Therapy feedback

To show the effect of the constellation work, I quote the feedback from a participant six months after attending a therapy seminar:

“I have already had some therapy experiences elsewhere regarding the symbiotic solution in my family system, which were also effective, but only lasted for a shorter period of time. Ultimately, they didn’t have the long-term effect.
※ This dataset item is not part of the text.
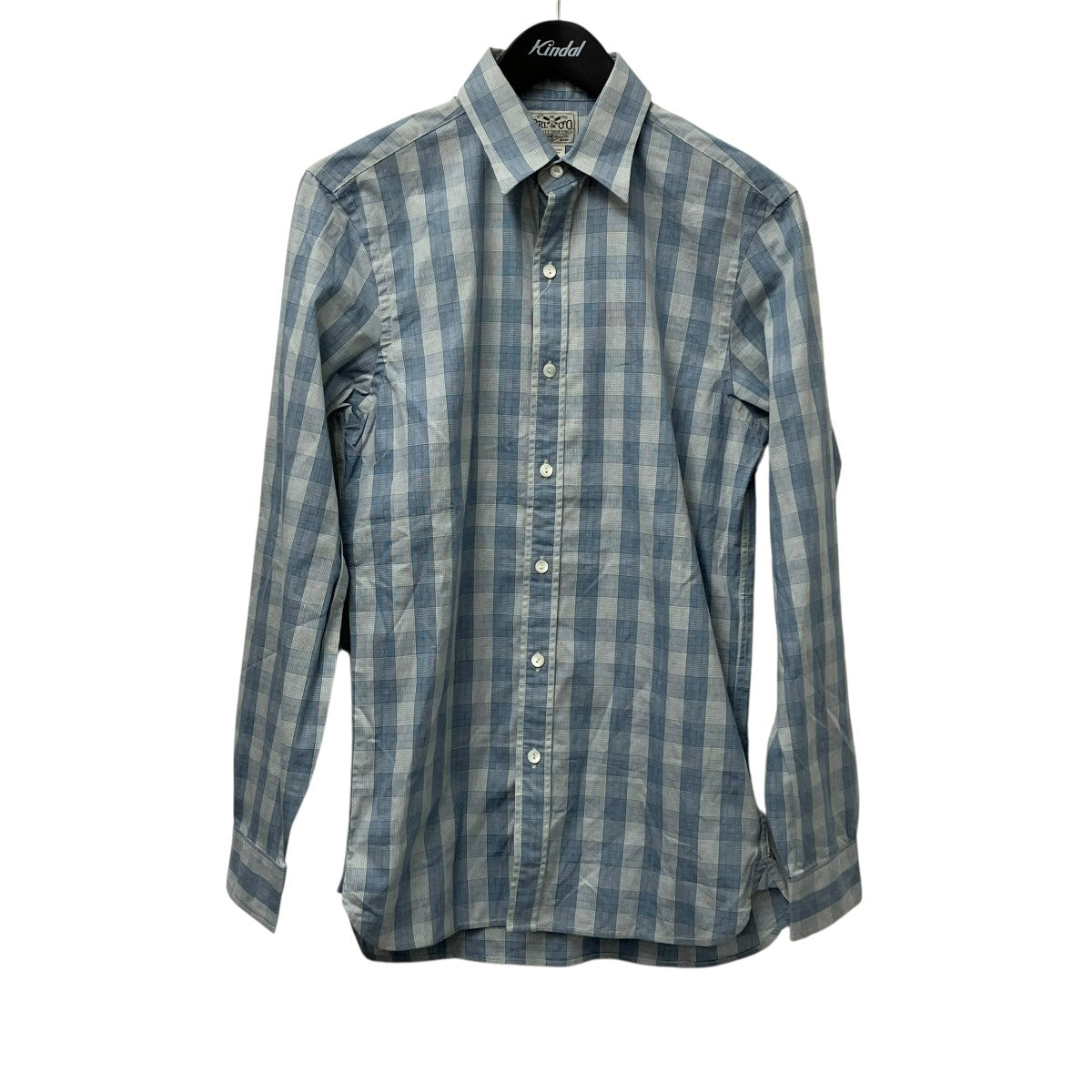 チェックシャツ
I told myself I’m on my way.

A few months have passed since the constellation with you and I am currently going through a situation in my family that would have let me slip into familiar patterns before the therapy with you. But this time it’s different for me. I can demarcate myself! It feels very strange to me at first.

The question that arises to me is: ‘Can I let it go well even if others in my family are not doing well?’ My current answer is: ‘Yes, I can!’ I am now living this new feeling! I allow it myself, for the first time! What a win! The new situation saves me the loss of strength and self-esteem that I have suffered so far, without a loss of empathy. Your method of symbiotic solution is so simple, but as is so often the case, the simple thing is the most effective.”

A poem of my own describes these relationships with a picture:

YOUR SELF IS LIKE A ROSE…

The point of the rose is to bloom, to show its beauty, to waste its scent and to turn into a fruit.

The rose opens when the tight narrowness of the bud is more painful than the shyness to open up, to show itself…

Your SELF is like a rose…
It wants to unfold, show itself,
give and receive love…

To open up, you need four certainties:
I can be there…
I am right the way I am…
I am worth loving…
I can protect myself… (the thorns!)

That is natures gift to you: three petals,
and fourth, the thorns that protect the flower.

Sometimes, however, the bud does not dare to open.
Maybe someone scared her, told her:
You don’t have the right to be there…
You are wrong, shouldn’t be a rose…
You don’t have the right to be seen, admired, loved…
You don’t have the right to defend yourself, to show your thorns…

In order to blossom, it then needs someone who reminds her of what she has always known inside. Someone to help her create the space in which she can be free and safe.